A manor in the Village of Barovia built in the year 342 by the wealthy Durst family, local nobles whos properties stretched all the way to the Durst Windmill. The family that built the house kept a secret: they were obsessed with the occult, and practiced dark arts. Through seduction and indoctrination, they expanded their cult to include a small yet nefarious circle of friends. When word got out, the rest of the village turned a blind eye to the house and the nightly debaucheries happening within it. The cultists preyed on visitors, sacrificed them in bizarre rituals, and hosted morbid banquets to feast on their corpses. When nothing came of these ritualized murders, the cultists' activities became thinly disguised excuses to indulge their lurid fantasies.
The cultists regarded Strahd von Zarovich as a messiah sent to them by the Dark Powers. They pledged their devotion for a promise of immortality, but Strahd turned them away, deeming the cult and its leaders unworthy of his attention. Around this time, the matriarch Elizabeth Durst murdered her husband Gustav and his bastard baby Walter, leading herself and the other cultists to a terrible undeath in tunnels below the manor. The Ghosts of two children who died in the house, "Rose" and "Thorn", called from the house's perimeter for help to any passerby's; those who entered were often never seen again.

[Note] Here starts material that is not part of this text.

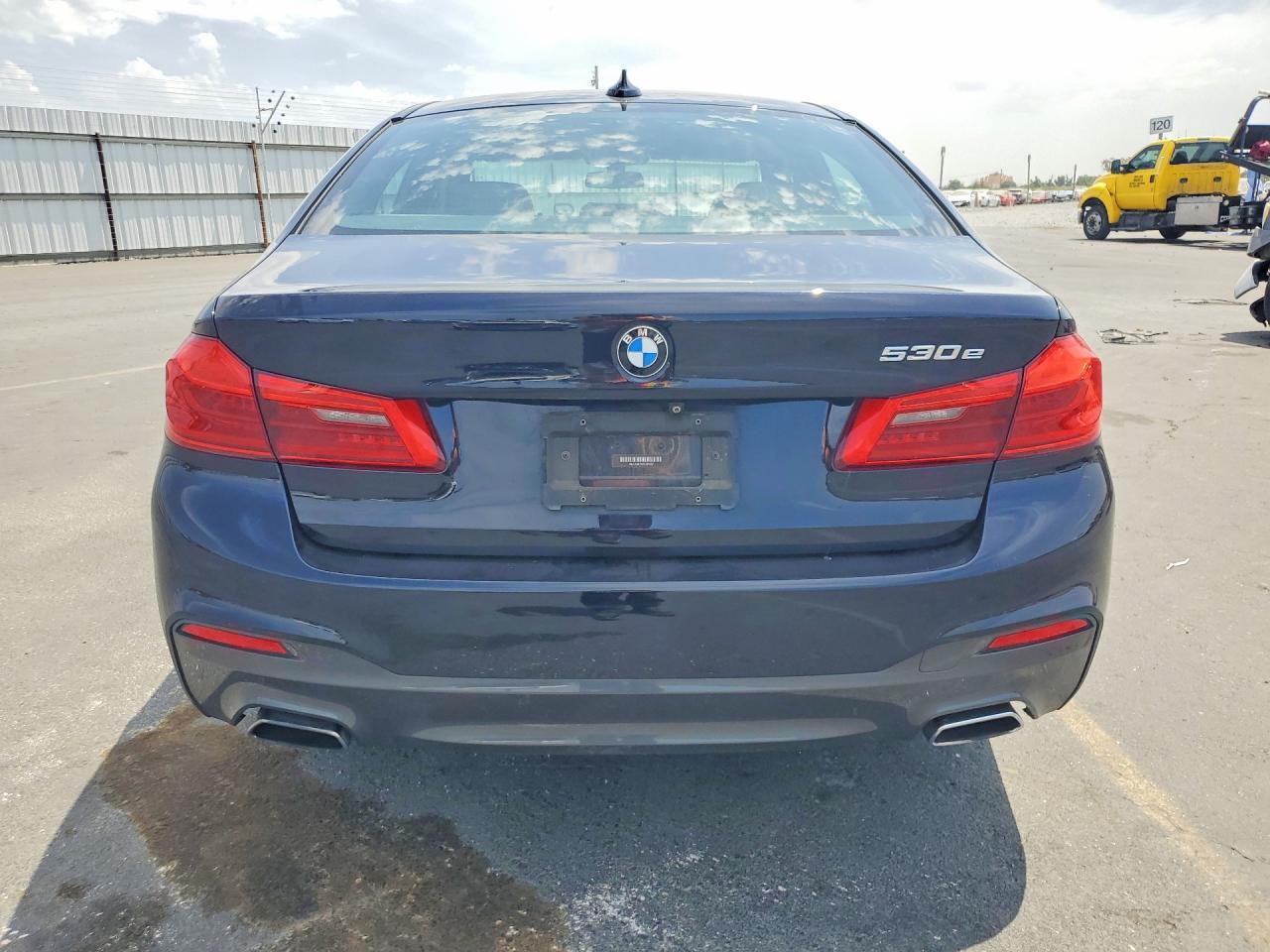 2019 BMW 530E - Фото 6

The manor was eventually given the name "Death House", and was condemned. After nearly a year of disturbances and disappearances, however, the Burgomaster of Barovia officially ordered the manor to be burned down. However, the Death House slowly and mysteriously rose from its ruins. Over centuries, it was burned to the ground many times, usually on orders from the Burgomaster or by enterprising adventurers. Each time, the manor rose from the ashes. Locals began to give the building a wide berth for fear of antagonizing the evil spirits believed to haunt it.